Again, with the extinguisher. I scuttled out of the kitchen, starting stooped and sinking further as I went. There was smoke and dust everywhere. I had tried to stay as low as I could, but I had still inhaled a lot of crap and I stopped for the first time to wonder what that crap was. I had expected white cold jet of gas and instead I got a sandbox full of greenish yellow powder. Our normally white kitchen was absolutely coated. In fact, the entire apartment has needed cleaning to get rid of it.
Donna called the fire department, but not until the fire was out. I think she just wanted to see firemen. And they came, even though she had said the fire was out. I suppose she didn't sound trustworthy. They didn't say much, except that we should get a CO2 extinguisher because they don't make such a mess.
In the end, I never did get nachos.

5 comments:

SB said...

That is absolutely fricken hilarious.

Anonymous said...

That's awesome! Only b/c I know you're both safe. But wait, now who replaces the extinguisher's finely-designed plexiglass window or is it just a free for all now? Can I come over and just go pell mell spraying green powder down the hall?

Anonymous said...

Well it is clear what we can buy you two for Noel this year...can I send a CO2 unit in the mail?
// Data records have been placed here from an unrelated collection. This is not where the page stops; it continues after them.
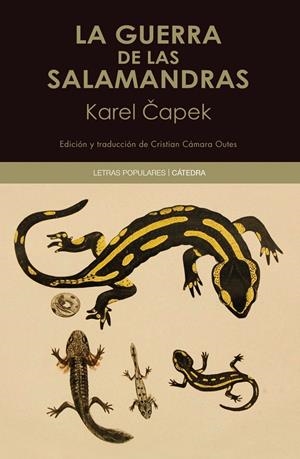 La guerra de las salamandras | 9788437646466 | Capek, Karel
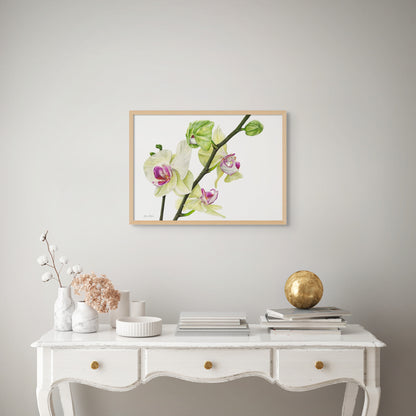 Phalaenopsis Orchid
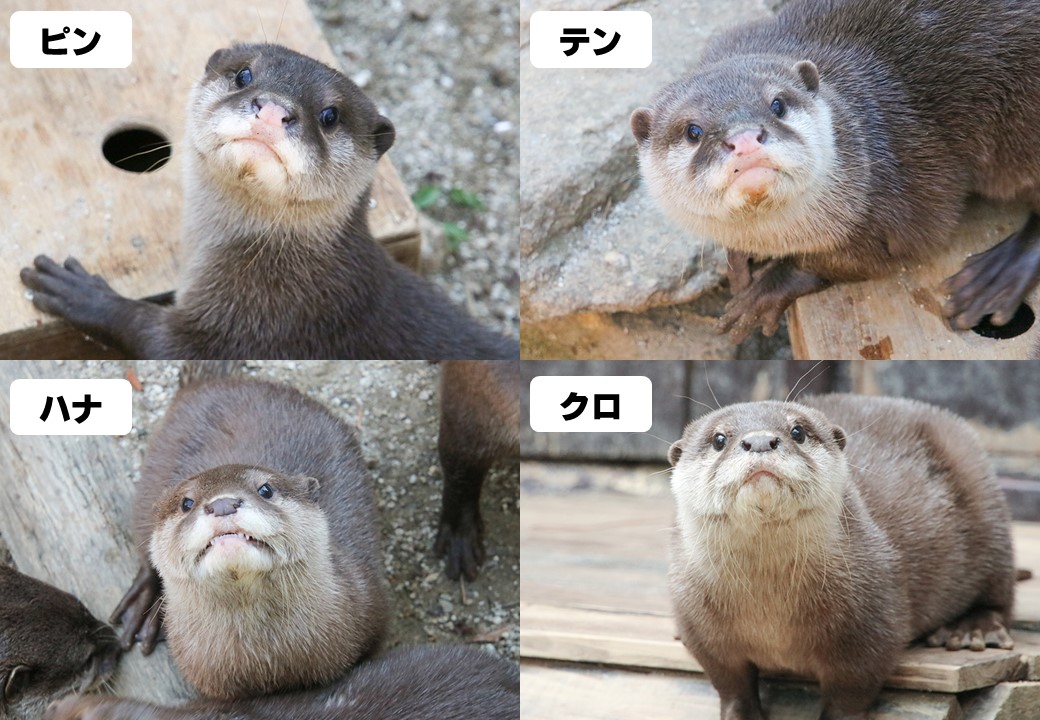 コツメカワウソ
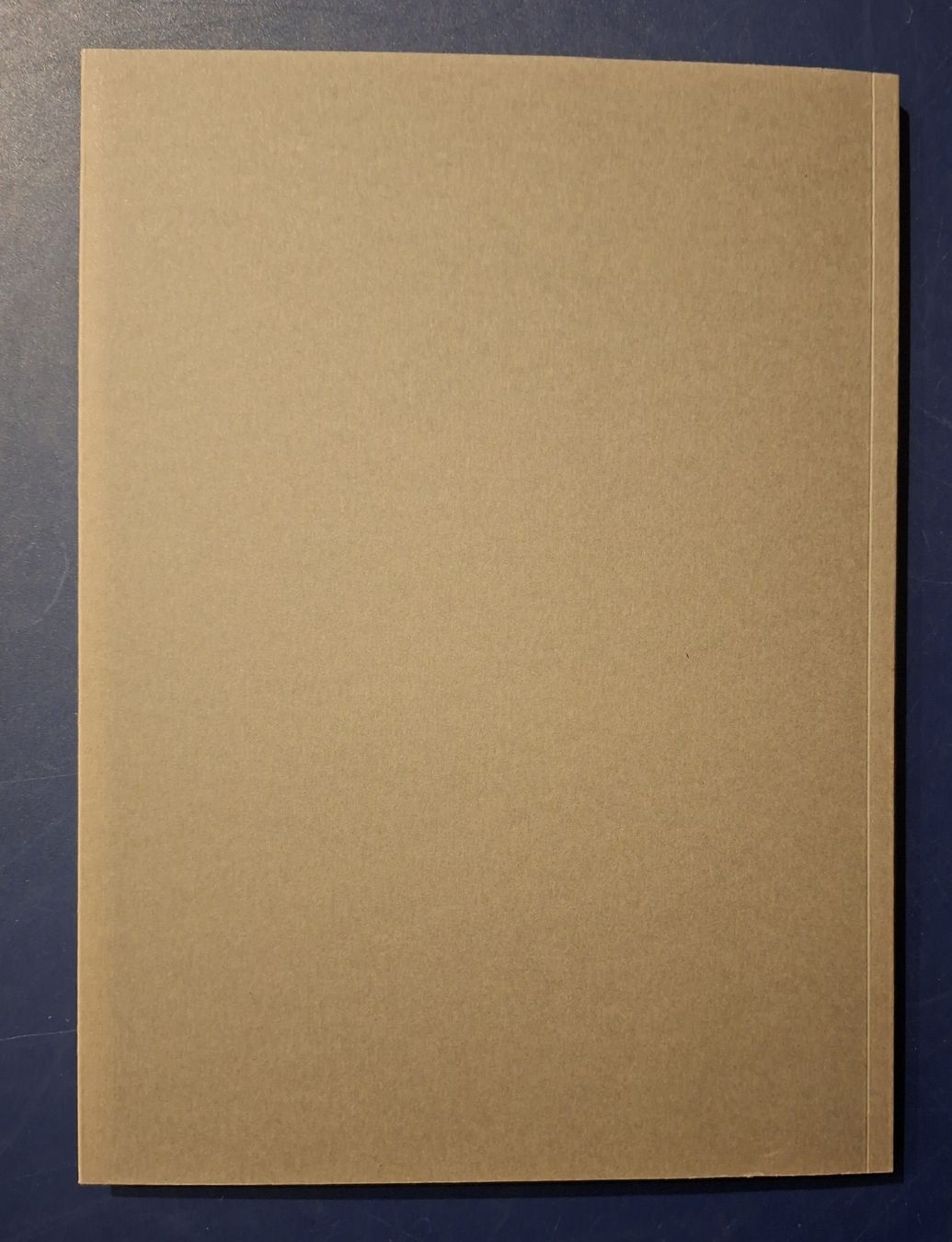Libri: Danh Vo Gomomnimada Buch neu Zustand – Nuovo (secondo la descrizione) da Niederglatt ZH venduto da Siegfried67 1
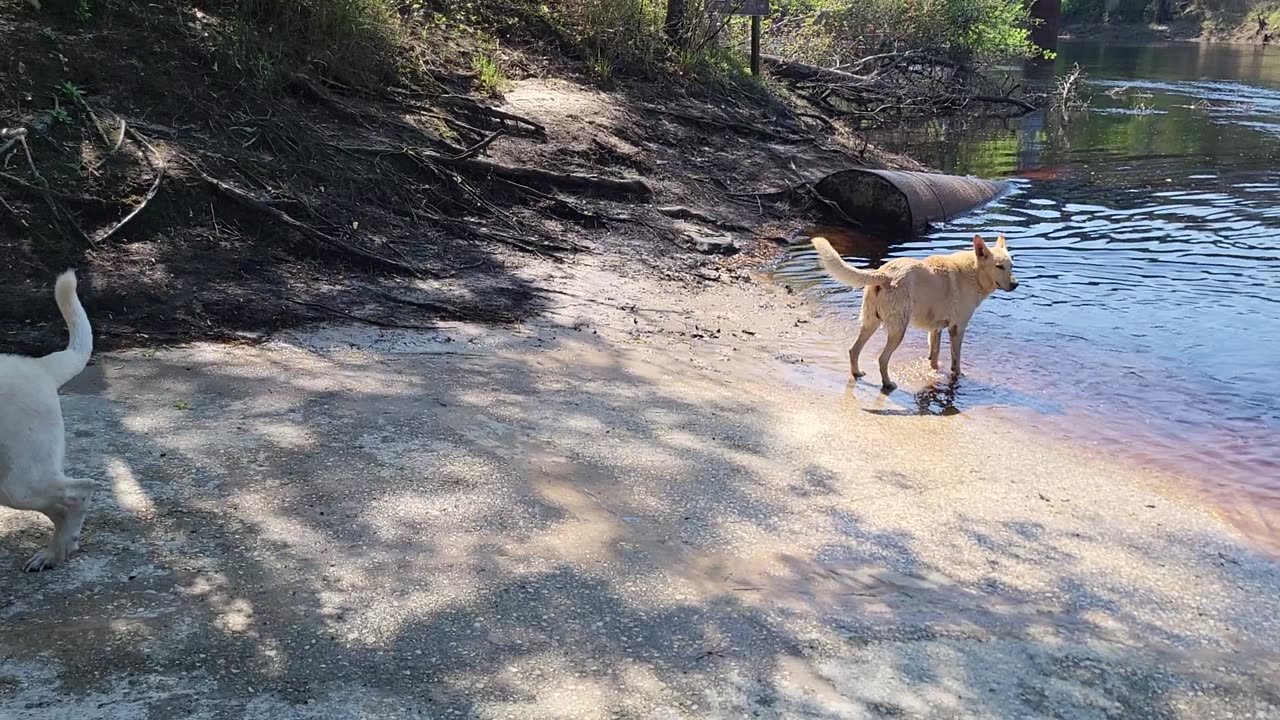 River dogs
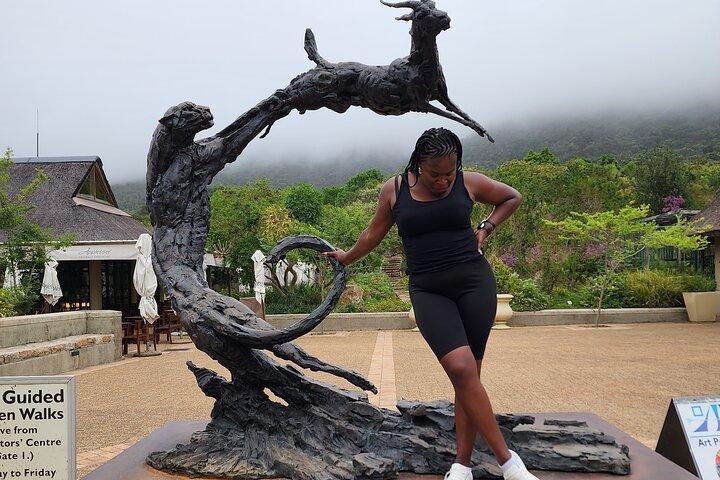 Robben Island Table Mountain and Kirstenbosch Sharing group tour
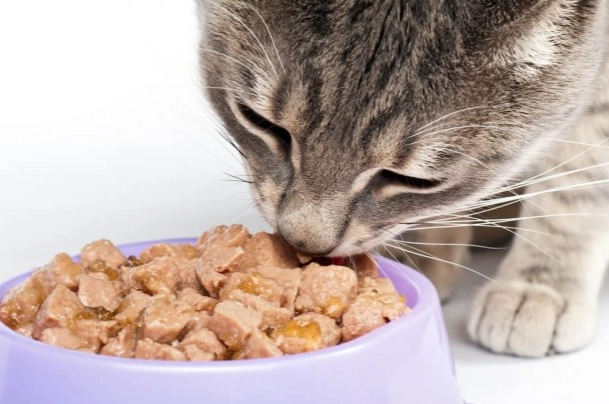 寵物飼料腹瀉 寵物飼料腹瀉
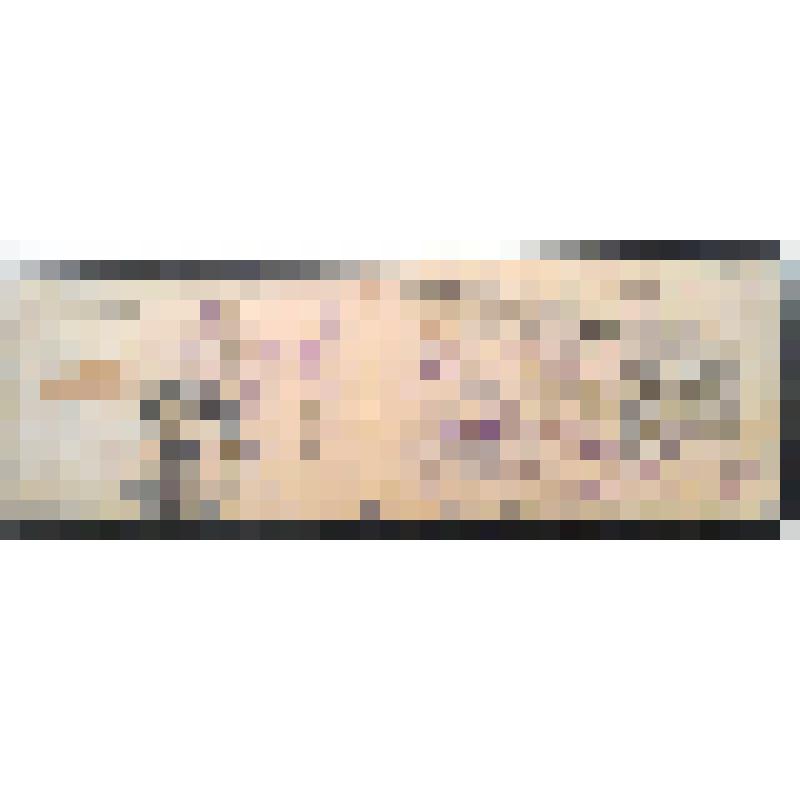 Удостоверение № 69 Костенко И.И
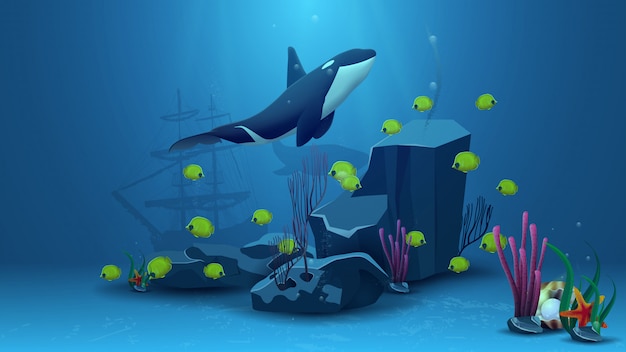 Vettore mondo subacqueo, illustrazione vettoriale con killer whale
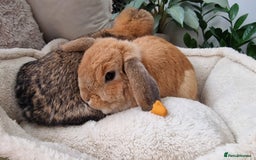 Mini Lop rabbits for sale: Mini lops for sale  - Image 3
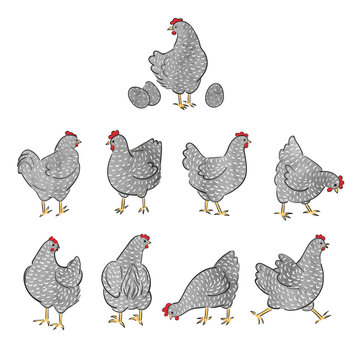 Set of hand drawn watercolor speckled hens. Chicken collection.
A fireman? Well I will work on it! I am heartily glad I never had a huge fire-related emergency when you were around! Glad you are both OK - but won't be asking for nachos at your place anytime soon....

Anonymous said...

Speaking from experience, if you can't handle nachos don't attempt fondue - oil fires are the worst!

Anonymous said...

I love Nachos. I made them for the first time after hearing this story. It occurred to me how well priced nachos are at the restaurants. It cost me about $20.00 for all the delux fixins I picked up and it took me about an hour to make them. My time is not that valuable but I am kinda lazy. Also, I'm not that wealthy but I can afford the 9-13 dollars that nachos usually cost. I'm gonna go out for nachos from now on. Maybe you guys should too.